La Petite Vadrouille (2024, de Bruno Podalydès, avec Daniel Auteuil, Sandrine Kiberlain, Denis Podalydès) est celle de la bande de Justine, à qui son patron donne quelques briques afin d’organiser un séjour original pour séduire une femme. La bande en question, un peu fauchée sur les bords, n’en demande pas tant, et tente de bricoler une croisière d’apparence haut de gamme sur une pénichette, dans le but de récupérer une bonne marge. Voilà donc Justine et ses complices (mari compris) embarqués sur un canal traversant la campagne française avec l’entrepreneur.

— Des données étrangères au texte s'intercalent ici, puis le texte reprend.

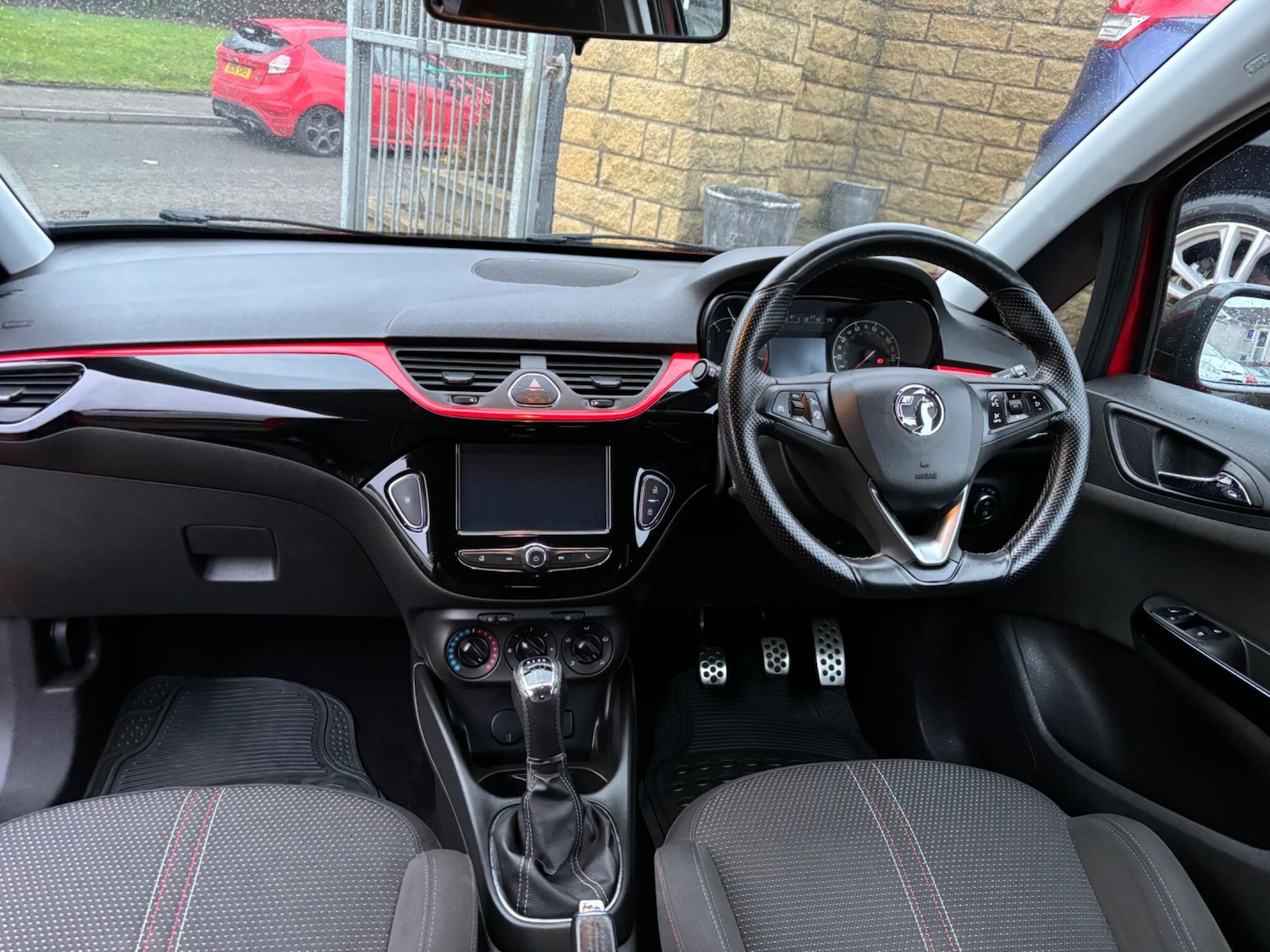 Used Vauxhall Corsa 2016 for sale - 77344308: Photo 19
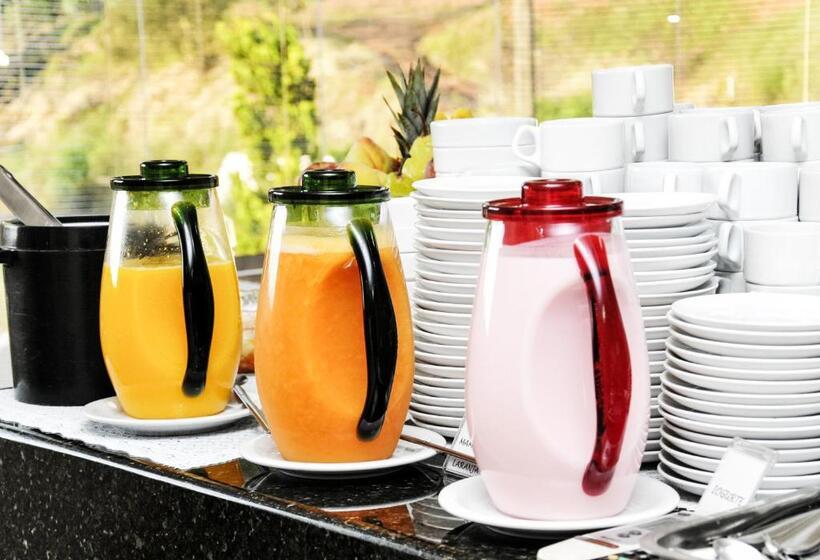 Номер Economy, Vivendas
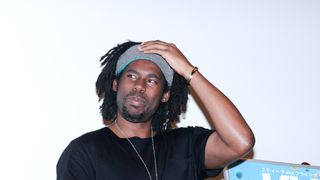 来日中のフライング・ロータスが登壇！『KUSO』ジャパンプレミア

Problème : c’est Justine elle-même que le patron Mr Pauilhac, parodie de l’entrepreneur argenté et un peu trop sûr de lui, a en vue. Cette virée nautique devient une comédie burlesque, se déroulant au fil des écluses, mais représente par la même occasion une opportunité d’explorer nos représentations du territoire, et la manière dont elles peuvent enrichir l’interprétation artistique. Le canal et ses berges, entre campagne agricole et forêt, ne sont pas un simple décor : ils servent l’intrigue, l’enrichissent voire la prolongent. Alors en quoi les objets géographiques, passés sous le prisme du grand écran, forment-ils un paysage symbolique au service du scénario et de son interprétation ?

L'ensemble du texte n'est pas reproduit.